Sometimes the truth has an expiry date. When a time-limited claim (such as ‘masks are obligatory on public transport’) emerges in search engine rankings, its apparent ‘authoritative’ solution can outstay its welcome even by many years, outranking later and more accurate content on the same topic.
This is a by-product of search engine algorithms’ determination to identify and promote ‘long-term’ definitive solutions, and of their proclivity to prioritize well-linked content that maintains traffic over time – and of an increasingly circumspect attitude to newer content in the emerging age of fake news.
Alternately, devaluing valuable web content simply because the timestamp associated with it has passed an arbitrary ‘validity window’ risks that a generation of genuinely useful content will be automatically demoted in favor of subsequent material that may be of a lower standard.
Towards redressing this syndrome, a new paper from researchers in Italy, Belgium and Denmark has used a variety of machine learning techniques to develop a methodology for time-aware evidence ranking.
Beyond Outdated Answers
The paper is authored by researchers from the European Commission at the Joint Research Centre (JRC) in Ispra, the Katholieke Universiteit at Leuven, and the University of Copenhagen.
The work considers four temporal ranking methods applied over three fact-checking methodologies, each with a different approach to evidence ranking, and offers a novel methodology for ranking that uses evidence timestamps as a ‘gold standard’. The study shows that time-aware evidence ranking improves the perspicacity of results, and also improves the authority and veracity predictions of time-sensitive facts and claims.
The research is offered as a possible adjunct to later or existing systems, and is designed to aid in research, and as a possible additional factor for inclusion in developing new and evolved search engine algorithms.
The work models the temporal dynamics of evidence for content-based fact-checking, and outperforms the ‘semantic similarity’ approaches adopted by typical search engine ranking algorithms. The model trained by the researchers uses an optimized learning-to-rank function which can be easily superimposed into an existing fact-checking architecture. The researchers contend that the system is a novel contribution to automated fact-checking.

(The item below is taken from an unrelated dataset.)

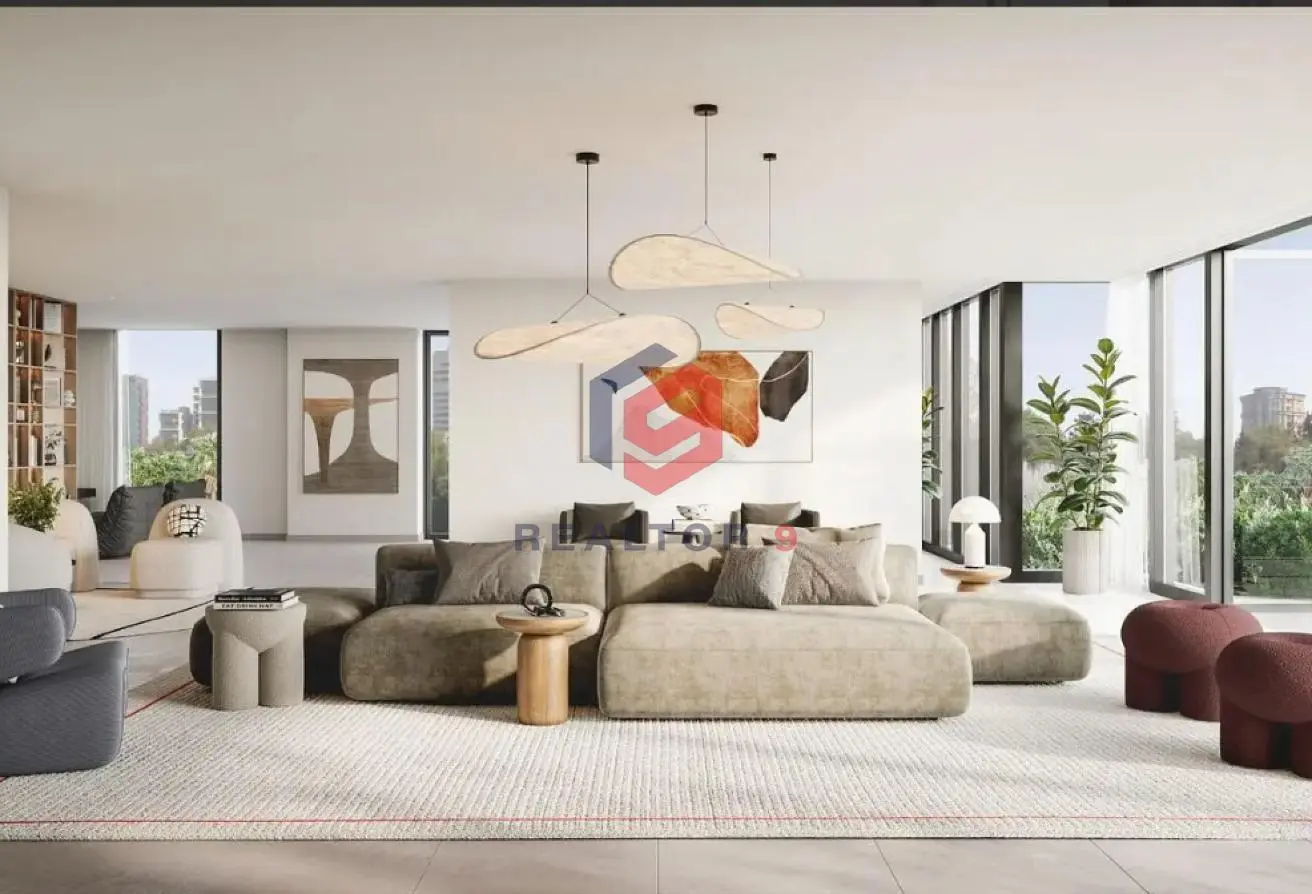 87040028 - Property Main Image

Amending Multiple Fact-Checking Architectures
The researchers imposed their time-constrained factoring onto three existing fact-checking architectures. The first of these is the Bidirectional Long Short Term Memory (BiLSTM) model proposed in the MultiFC dataset released in 2019.
The second is a modification to the first, with a unidirectional Recurrent Neural Network (RNN) replacing the LSTM component.
Across all three architectures, the researchers applied a ListMLE loss, from research led by Microsoft, which has contributed consistently to novel fact-checking research over the last two decades.
Timestamp values were extracted from the training metadata, and included as ranking factors in each model.
Experimental evaluation for the system involved the use of the MultiFC dataset, since it is currently the only high-volume open source dataset available for this particular research interest. MultiFC contains 34,924 real-world claims obtained from 26 different fact-checking domains, including Snopes and the Washington Post.
Prediction of each claim’s veracity are augmented by ten evidence snippets provided by the Google Search API, and predictions obtained via a confluence of elements, including speaker, tags and categories.
Very often the relevant time-stamp is not necessarily the one that’s contained in the metadata; an article may refer to events from previous times, and in this case the researchers’ systems had to take care to extract and convert that data directly from the text. Without this process, a ‘re-run’ of outdated news will tend to give it a new gloss, particularly in the case of high authority sites, propagating the outmoded data.
The dates were extracted with a Python routine, and the official metadata dates tested for consistency of formatting (since, for instance, US and UK date-stamp formatting is different). When manually verified, zero errors were found in the time-stamp metadata.
Against a manual check of the automated results, the researchers found that time-aware evidence ranking improved notably on relevance assumptions that were based on pure semantic similarity or SERPs rankings. They also ascertain that their method improves veracity predictions for time-sensitive claims (i.e. circumstances where a news situation may be changing rapidly, and where it’s essential that up-to-date information be prioritized without merely brute-forcing the prioritization of the most recent results on a topic).
The researchers note that this approach will be of high value in improving ranking models for volatile topics such as politics and entertainment, where information changes rapidly, and high-ranking developments require a framework for automatic demotion from the top spots in ranking that they may have achieved on release.